Whatever the nature of your business, you’ll be keen to avoid unnecessary damage, expense and dips in productivity. Shock loading can result in damaged equipment, diminished performance and costly replacements. If you’re working with ball transfer units, it’s important to understand what shock loading is, how it can impact operations and, most importantly, how you can reduce the risk and degree of damage.
What Is Shock Loading?
Shock loading refers to a sudden and drastic increase of load, similar to a “hammering” effect. The most common occurrence is when a load is dropped onto a ball transfer unit from a height or when ball units travel over an uneven surface, causing an uneven distribution of load.
Why Do You Need to Consider Shock Loading?
When shock loading occurs, although the load itself may be within the load-bearing capabilities of the ball units, the forces generated by the shock loading can momentarily increase the load beyond the ratings listed in our catalogue and on our website. This can damage certain units and permanently affect their performance and durability.
It’s a good idea to regularly check your equipment to ensure that shock loading damage has not occurred. Damaged units may result in reduced performance and unsafe working conditions.
How Can I Avoid Shock Loading?
There are a few simple steps you can take to minimise the risk of shock loading occurring. Firstly, make sure you have selected the correct type of ball unit for the tasks being performed. It is possible to calculate shock loads by taking into account the weight of the load being transported, the falling distance and the load capacity of the ball unit. It’s vital to ensure that the ball unit you are using can withstand the potential degree of accidental shock.
Training is often overlooked as a preventative measure for shock loading. Ensure that your staff can access all relevant information about the equipment they are using and that they are sufficiently trained to understand the risks and consequences of shock loading. Putting systems and processes in place to reduce the risk of accidental damage is more cost-effective and less time-consuming than repairing or replacing irreparably damaged units.
Omnitrack has solutions for potential and actual shock loading applications. Our spring-loaded and pneumatic models are suitable for a range of applications and help to reduce damage caused by shock impact.
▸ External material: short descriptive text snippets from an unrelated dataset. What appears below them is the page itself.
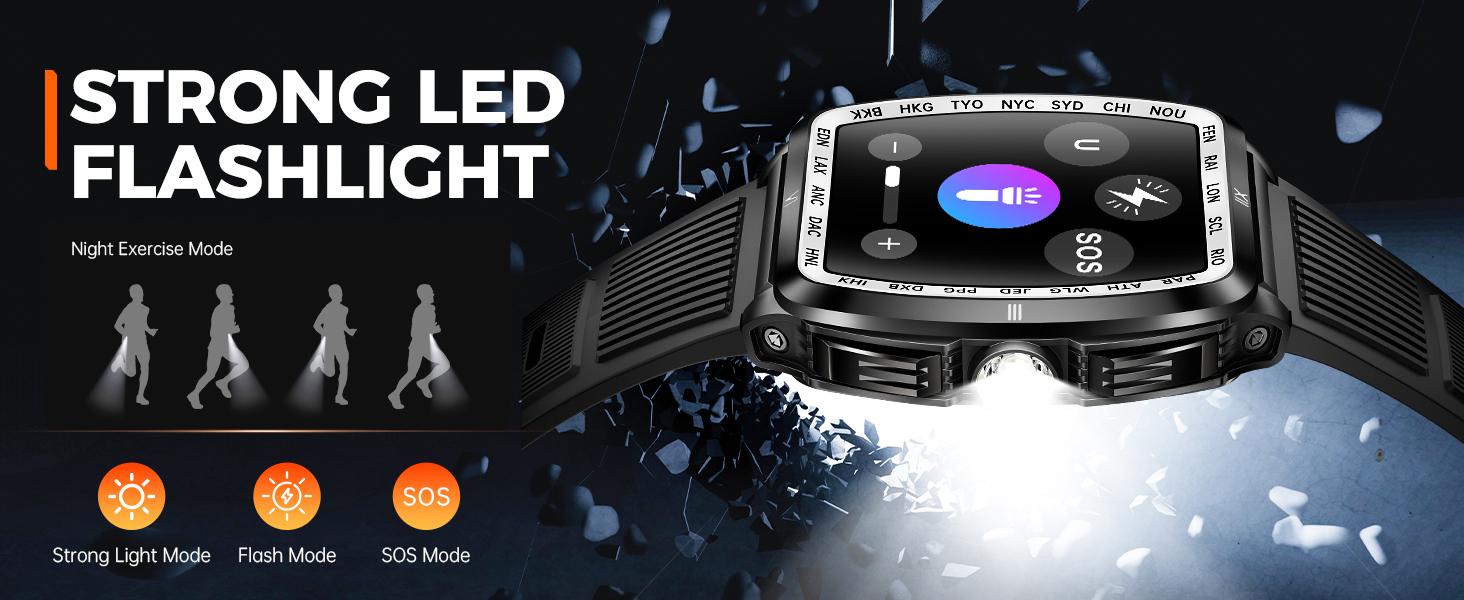 Smartwatch with LED/ UV Flashlight 5ATM Waterproof Smart Watches with Wireless Calling 100+ Sports Modes Diving Watch Multifunctional Digital Watch Gifts for Men Smartwatch with LED/ UV Flashlight 5ATM Waterproof Smart Watches with Wireless Calling 100+ Sports Modes Diving Watch Multifunctional Digital Watch Gifts for Men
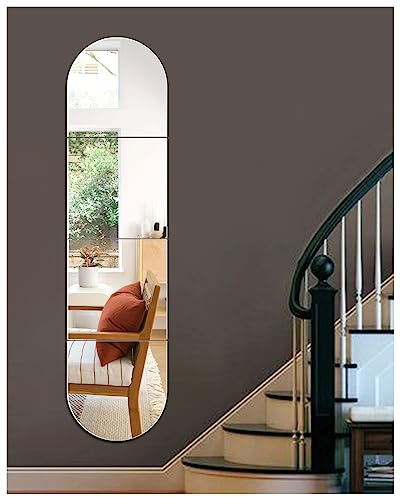 COUXILY 4 Pack 30.5 x 30.5 cm Self-Adhesive Mirror HD Tile Frameless Wall Sticker DIY Glass Mirror Tiles Direct Adhesive Bathroom Decoration, Wardrobe Doors, No Drilling (02-1,4 Pack)
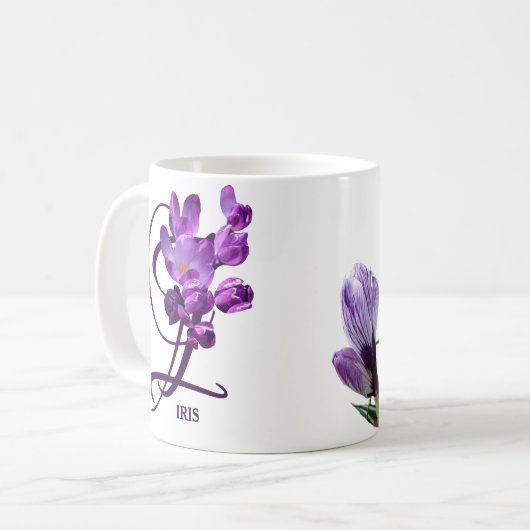  Iris naam paarse lentebloemen boho Koffiemok (Voorkant links)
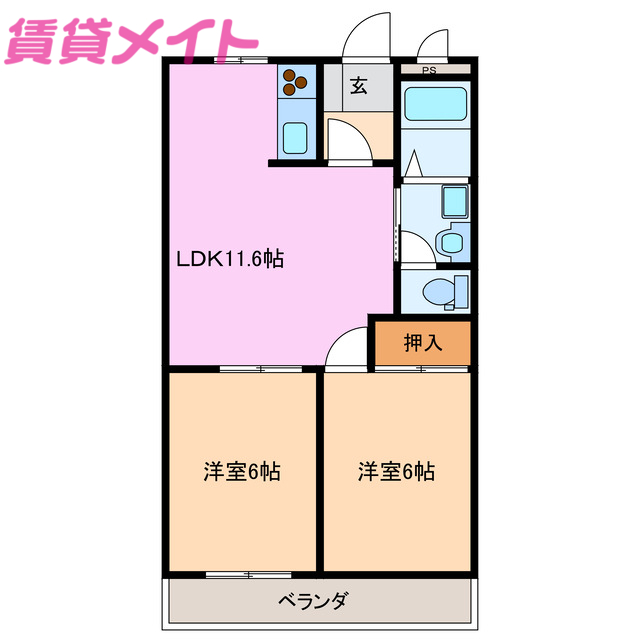 松阪市下村町のマンションの間取り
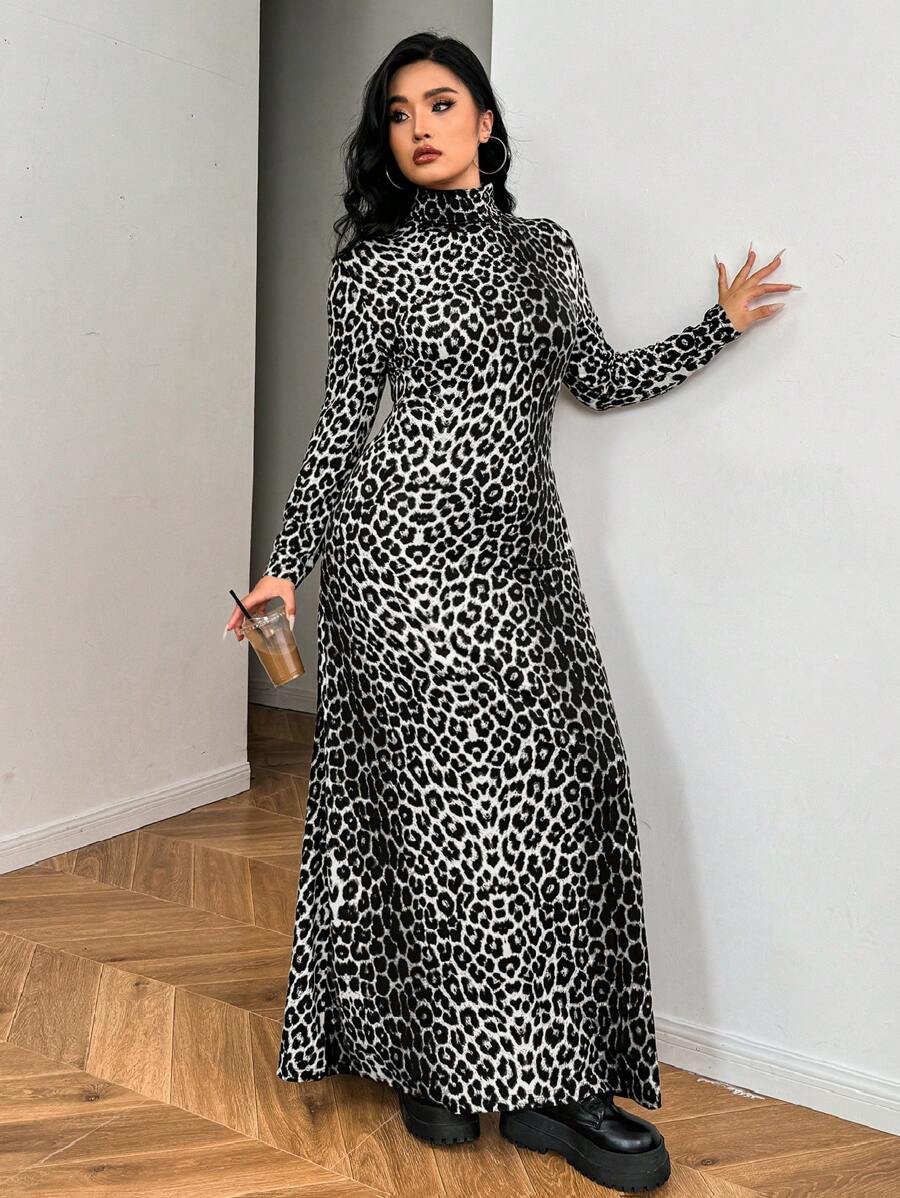 SHEIN EZwear Plus Size Women Dresses Winter,Long Sleeve Dresses Woman,Dress Party,Leopard Print Turtleneck Dress
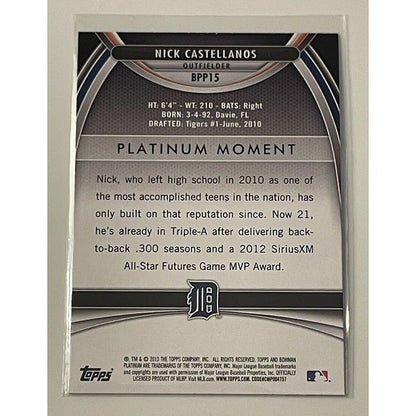 Nick Castellanos RC 2013 Bowman Platinum Prospects Rookie Card #BPP15 - Phillies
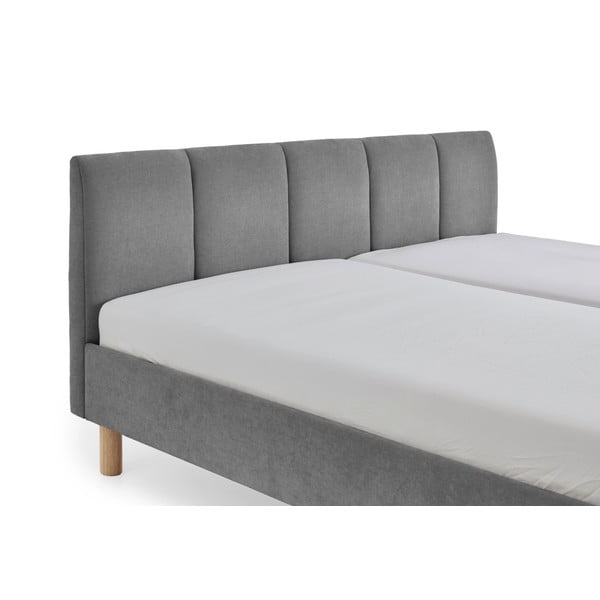 Szürke kárpitozott franciaágy ágyrács nélkül 180x200 cm Joker – Meise Möbel-image-4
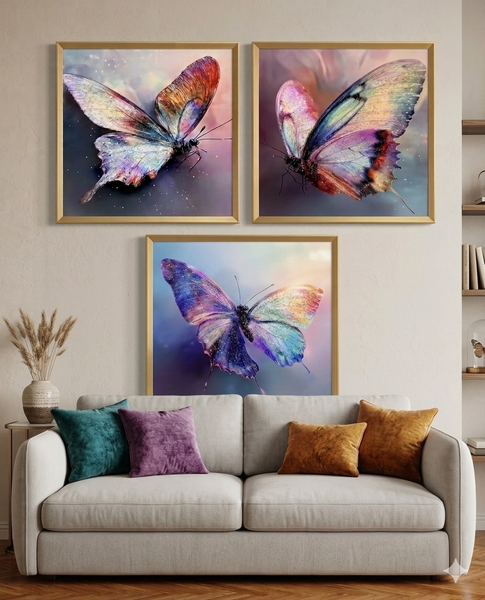 Tríptico mariposas 60x60cm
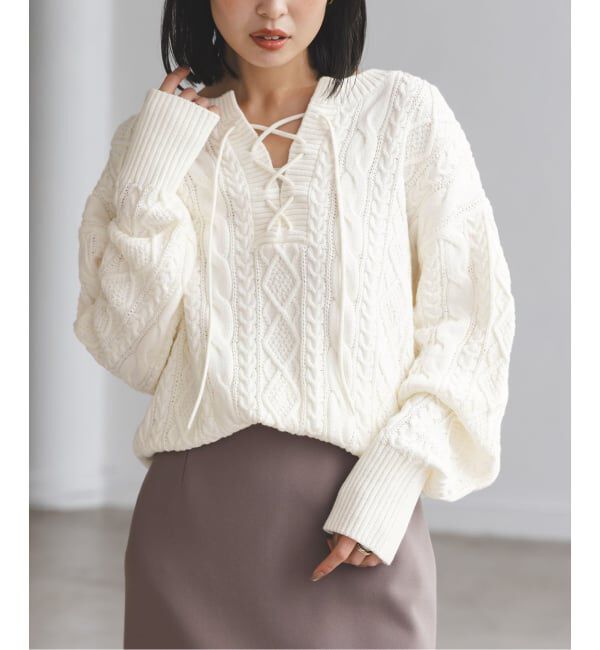 NOBLE「2way地柄 レースアッププルオーバー」|ニット・セーター|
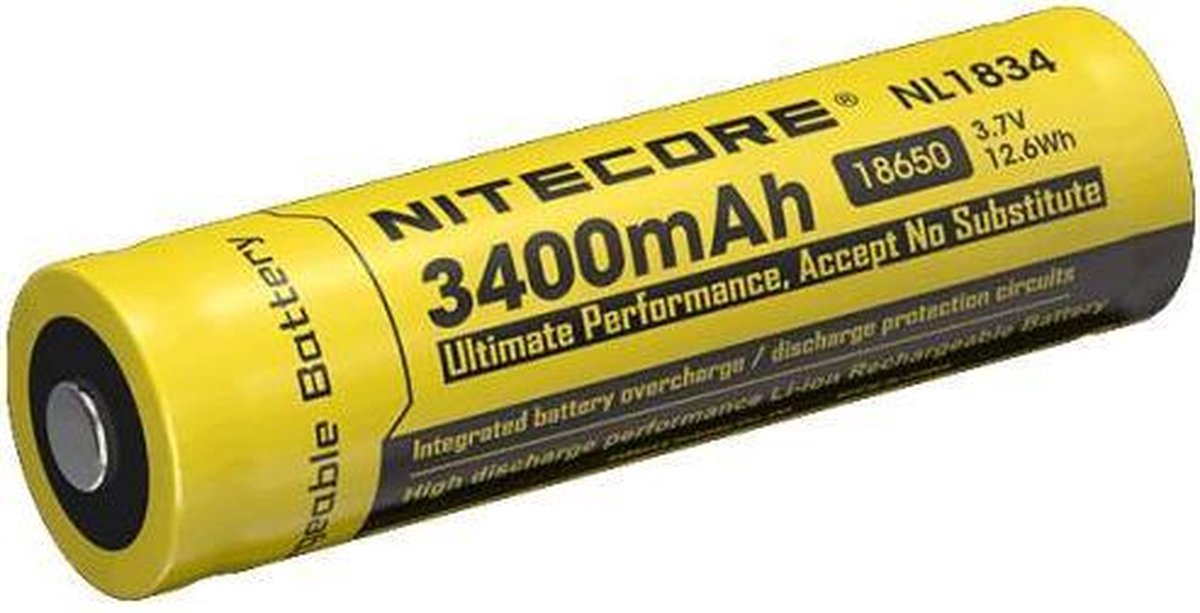 Nitecore NL1834 Oplaadbare 18650 Li-Ion batterij 3400mAh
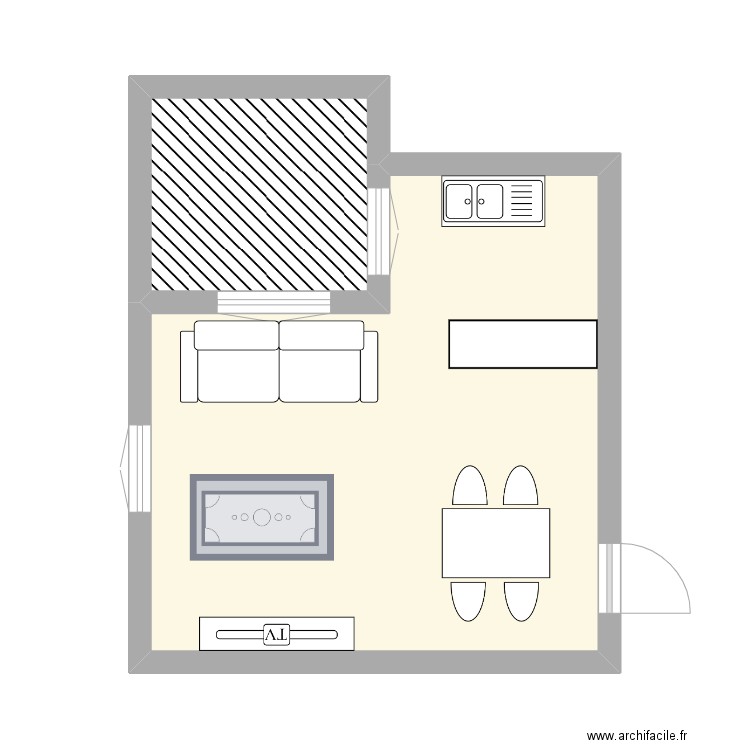 roissie en brie. Plan de 2 pièces et 29 m2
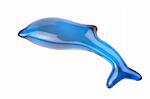 bath soap in the shape of a blue dolphin, isolated on white background
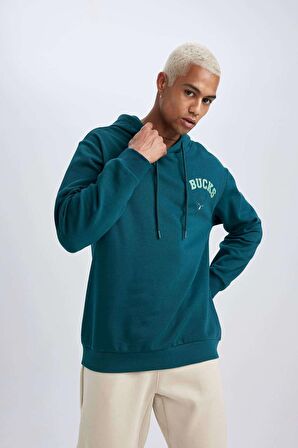 DeFactoFit NBA Milwaukee Bucks Standart Fit Kapüşonlu Kalın Sweatshirt A9675AX23WNGN246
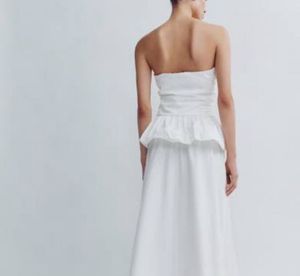 White Strapless Bubble Top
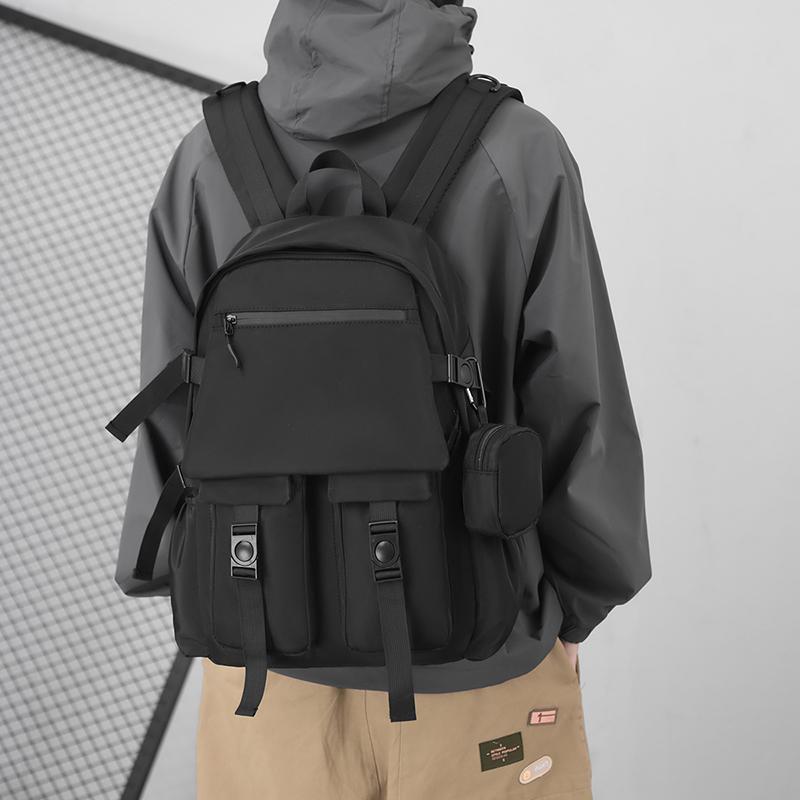 Fashion Men's Simple Backpack - Large Capacity, Laptop Compartment, Multiple Pockets, Suitable for Students and Travel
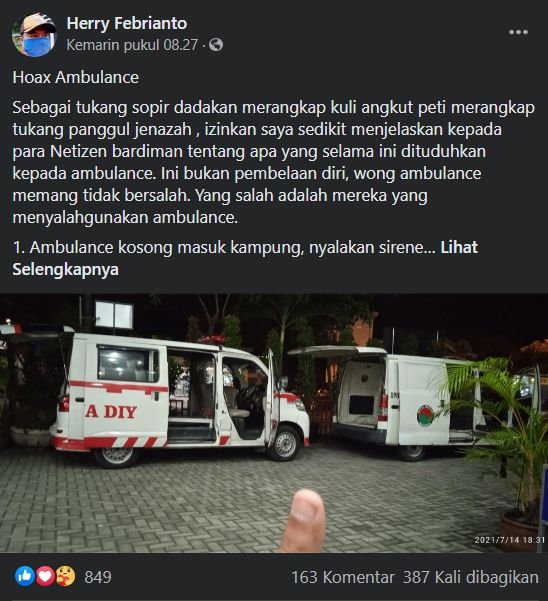 Ramai isu ambulans kosong, begini kata sopirnya. (Facebook)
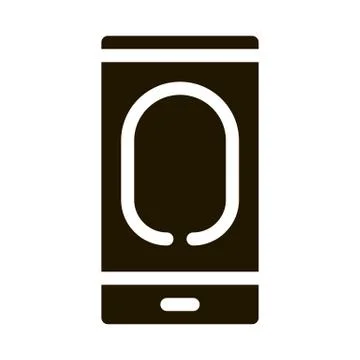 Scan Fingerprint in Phone Icon Vector Glyph Illustration Stock Illustration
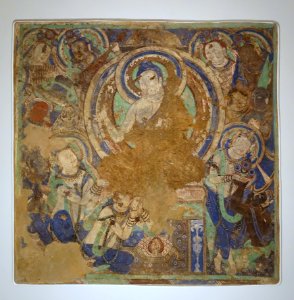 Buddha Sermon, Kizil, Foot-Washing Cave (Cave 206), 343-411 AD, wall painting- Ethnological Museum, Berlin - DSC01717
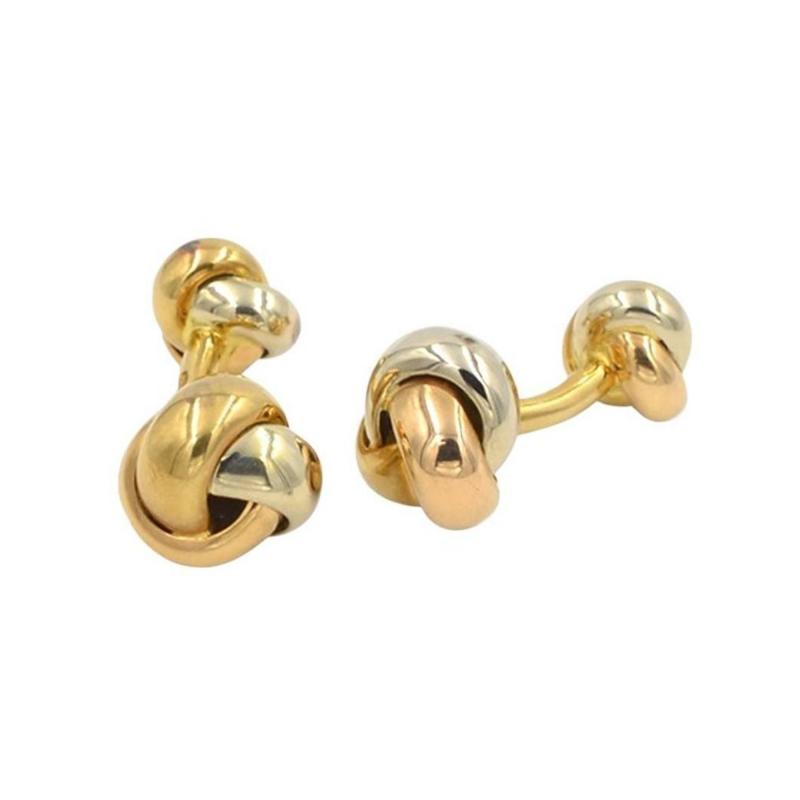  Cartier CARTIER TRINITY CUFFLINKS IN 18K YELLOW WHITE PINK GOLD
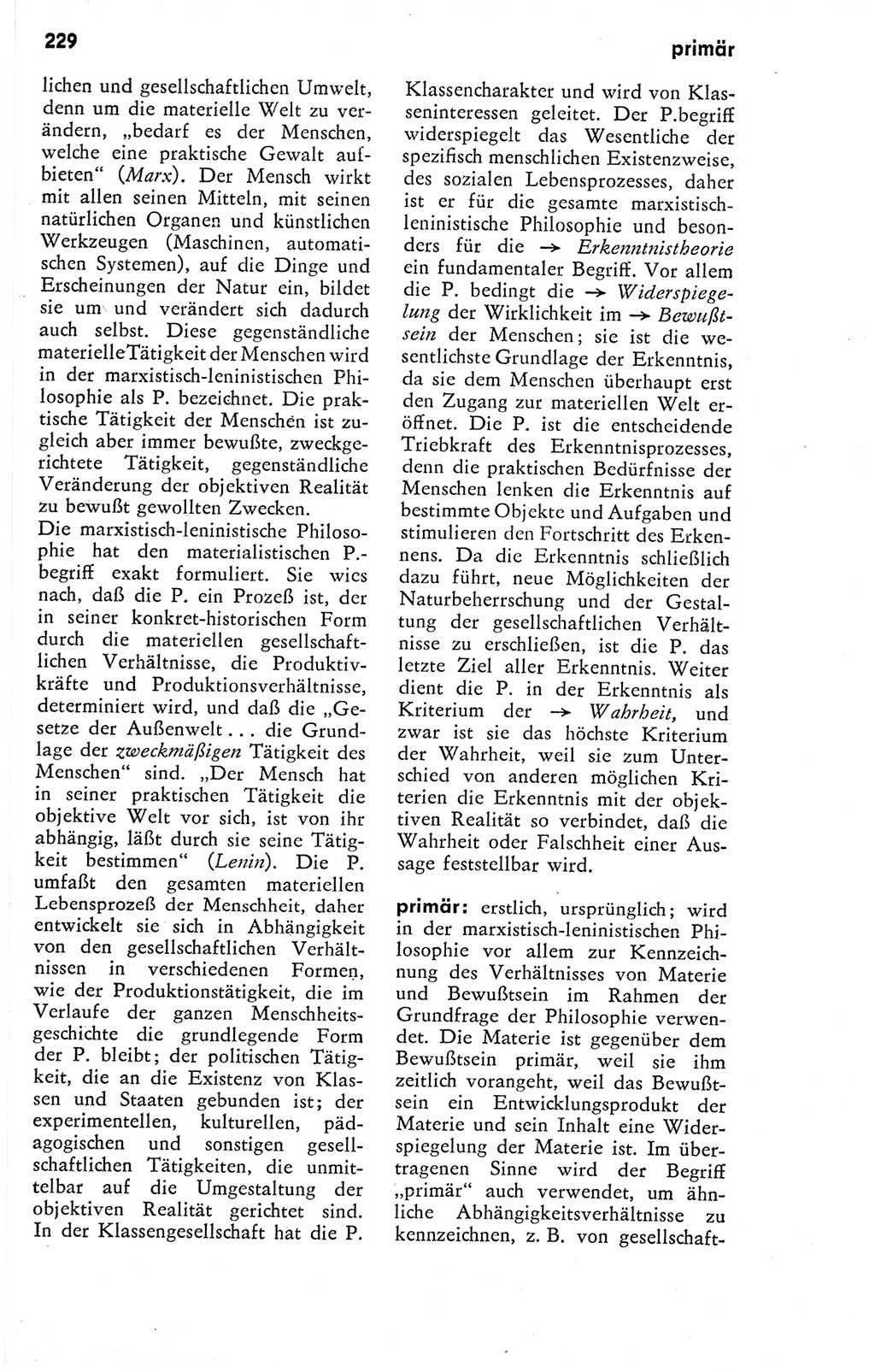 Kleines Wörterbuch der marxistisch-leninistischen Philosophie [Deutsche Demokratische Republik (DDR)] 1974, Seite 229 (Kl. Wb. ML Phil. DDR 1974, S. 229)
These units have been specially designed to handle accidental shock loading better than conventional hemispherical “cup and ball” units.
For applications where shock loading is a likely concern, we recommend using our spring-loaded or pneumatic range of ball transfer units, which are available with several material upgrade options to satisfy the most demanding operating environments and conditions.
What Does Shock Loading Mean for Your Business?
Accidental shock loading may be impossible to avoid completely, but taking steps to minimise risk and damage for when it does occur could save your business time and money. If an important piece of equipment is out of action for any period, productivity will be affected, which, in turn, could have a detrimental effect on output and levels of customer satisfaction. Take care to select the most suitable ball unit for your intended application. Then, assess the risk of shock loading and put training and processes in place to minimise risk.